Abstract
Introduction: Supracondylar fracture of the humerus is a common upper limb fracture in children. Treatment is controversial and often technically difficult; complications are common. Cubitus varus is the most common problem with a mean incidence of 30%. A variety of methods of treatment for displaced fractures have been recommended.
Materials & Method: We reviewed 20 cases of severely displaced grade III supracondylar fractures of the humerus in children. There was marked swelling and distorted local anatomy in all these cases. These fractures were managed conservatively with straight – arm lateral traction. The patients were treated in skin traction for 2 weeks. They commenced physiotherapy after that. The traction was applied with arm in 90 degrees of abduction and forearm in supination.
Results: None of the patients developed any complication. All had full range of movements. None had cubitus varus deformity and none of these patients required resurgery. There was a complete patient and parent satisfaction.

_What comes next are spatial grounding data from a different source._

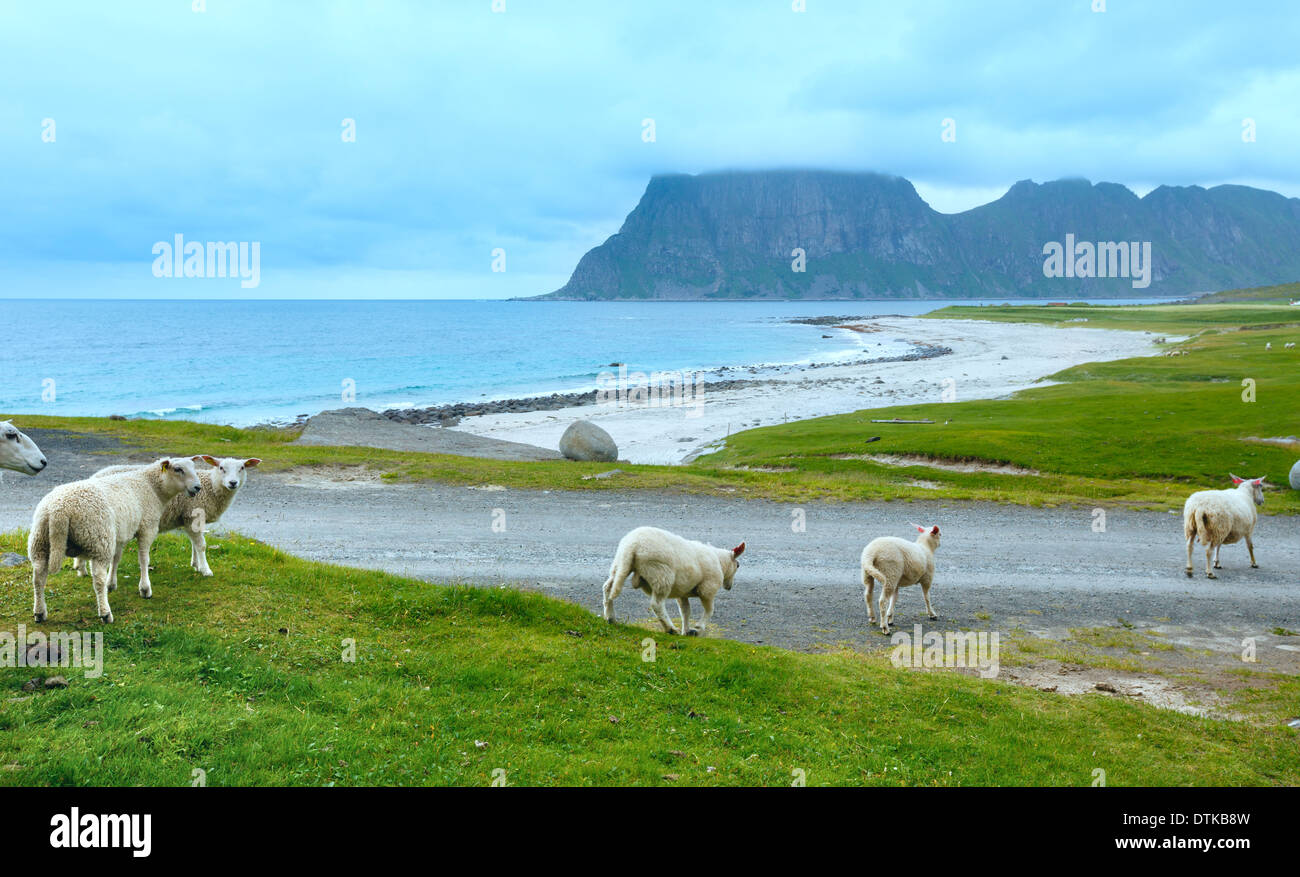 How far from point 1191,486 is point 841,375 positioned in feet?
215

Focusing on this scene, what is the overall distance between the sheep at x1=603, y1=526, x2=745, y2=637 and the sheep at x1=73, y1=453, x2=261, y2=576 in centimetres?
645

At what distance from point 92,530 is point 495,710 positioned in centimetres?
587

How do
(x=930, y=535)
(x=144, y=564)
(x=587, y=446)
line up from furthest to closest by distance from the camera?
(x=587, y=446) → (x=930, y=535) → (x=144, y=564)

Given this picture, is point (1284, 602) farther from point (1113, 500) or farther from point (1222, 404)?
point (1222, 404)

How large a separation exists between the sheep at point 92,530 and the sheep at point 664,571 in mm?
6946

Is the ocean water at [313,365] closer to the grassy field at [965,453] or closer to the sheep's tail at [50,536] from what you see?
the grassy field at [965,453]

Discussion: Open or closed reduction with internal fixation is the most common method of treating these injuries. In some cases this can be very difficult and dangerous. The local anatomy and swelling may not permit this; hence non-operative measures have to be adopted.
Conclusion: We conclude that straight – arm lateral traction is a safe and effective method of treating these fractures especially when the local anatomy is disturbed and the swelling is making operative intervention more risky and difficult. Moreover this method is also appropriate in areas where access to specialised centres in treating these injuries is either difficult or delaying.